Exclude the pictures, then repeat the remaining data exactly.
[Input records Boundary: Start]
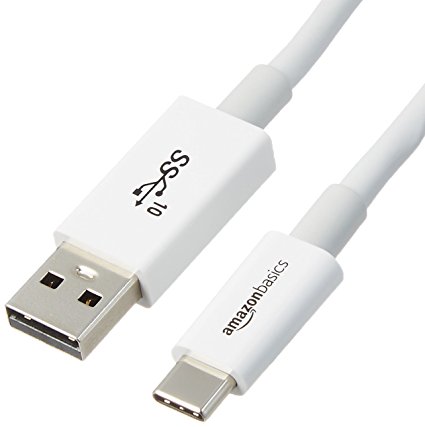 AmazonBasics USB Type-C to USB-A Male 3.1 Gen2 Cable - 3 Feet  (0.9 Meters) - White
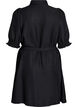 Knielanges Hemdkleid mit Bindegürtel, Schwarz, Packshot image number 1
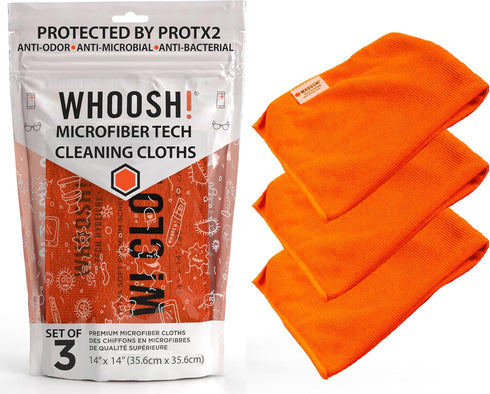 WHOOSH! Microfiber Cleaning Cloth, 3 Pack, Glasses and Screen Cleaning Cloth, Suitable for TV, Car Screen, Computer, Laptop, iPad, MacBook, Smart ...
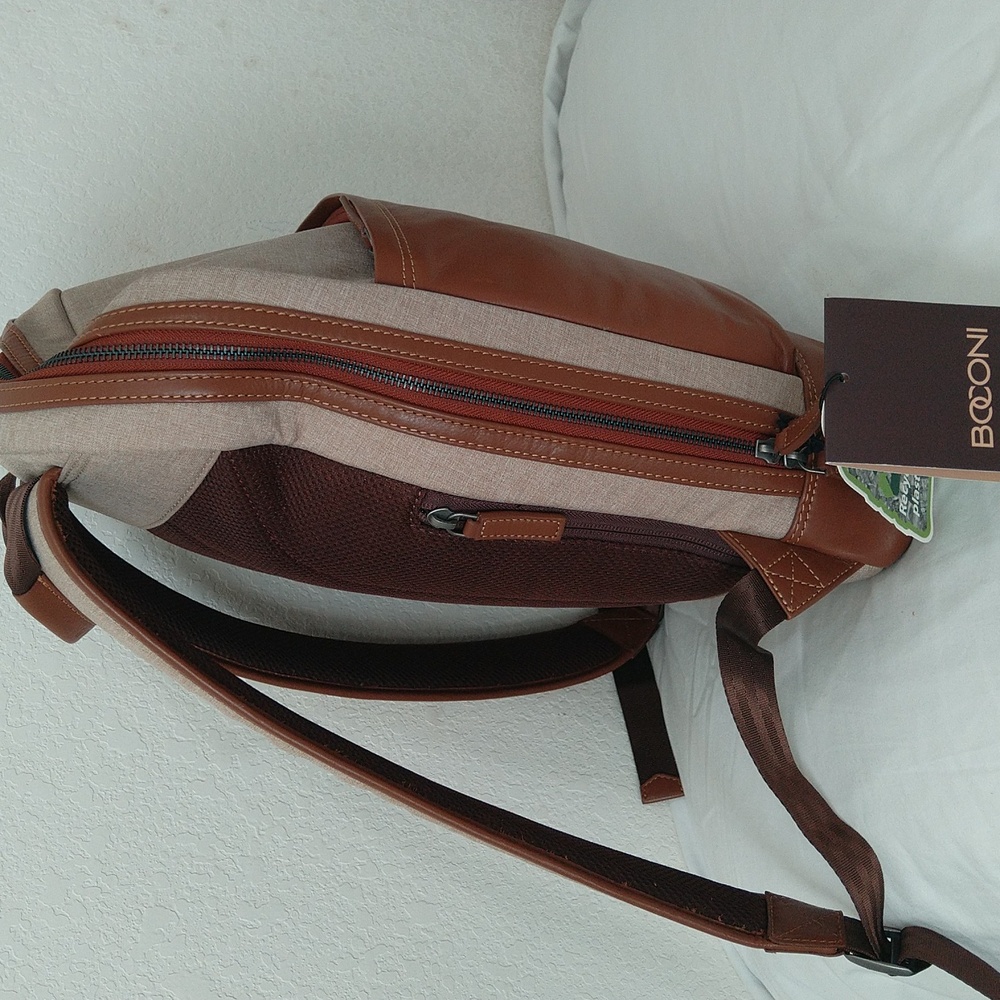 Boconi recycled polyester & leather travel Backpack - Picture 5 of 17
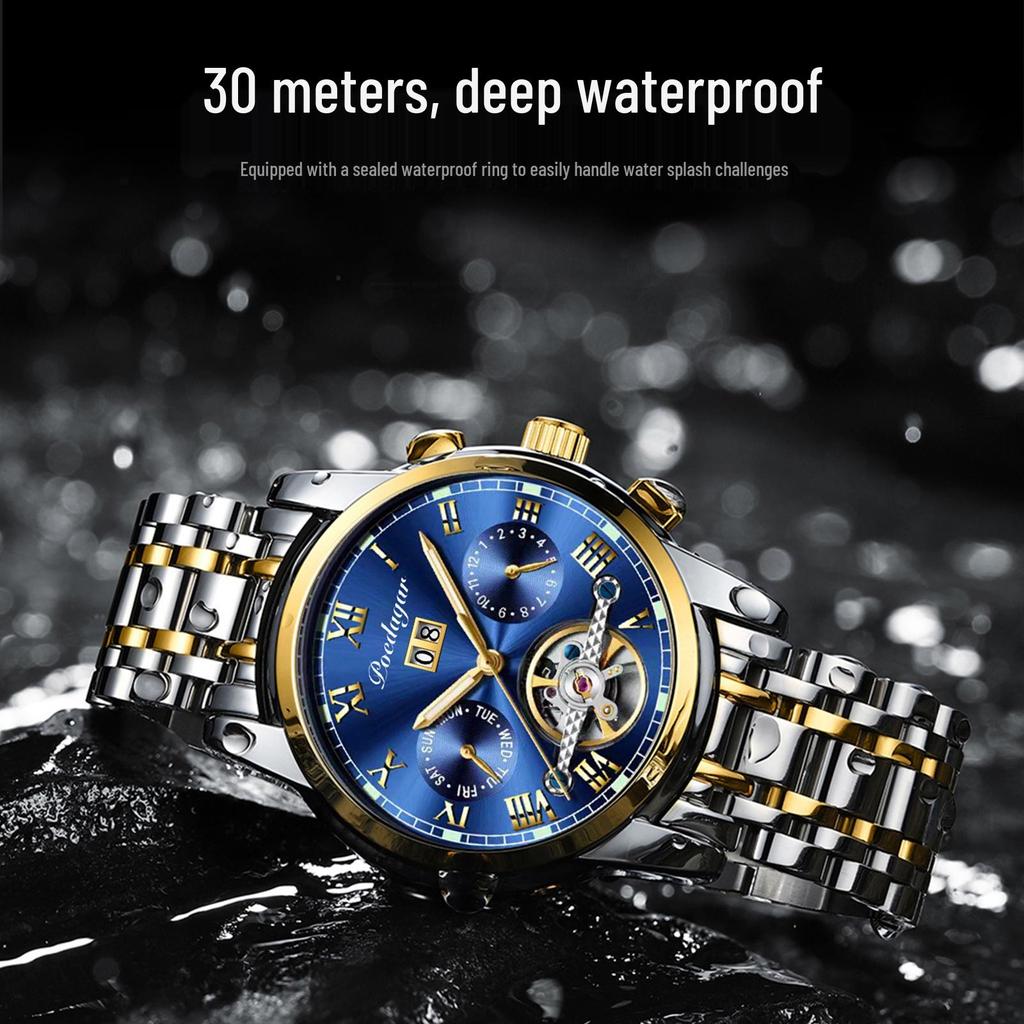TikTok Trending Men's Automatic Waterproof Stainless Steel Luminous Skeleton Watch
[Input records Boundary: End]
* [Answer to the exercise]:
 AmazonBasics USB Type-C to USB-A Male 3.1 Gen2 Cable - 3 Feet  (0.9 Meters) - White
 Knielanges Hemdkleid mit Bindegürtel, Schwarz, Packshot image number 1
 WHOOSH! Microfiber Cleaning Cloth, 3 Pack, Glasses and Screen Cleaning Cloth, Suitable for TV, Car Screen, Computer, Laptop, iPad, MacBook, Smart ...
 Boconi recycled polyester & leather travel Backpack - Picture 5 of 17
TikTok Trending Men's Automatic Waterproof Stainless Steel Luminous Skeleton Watch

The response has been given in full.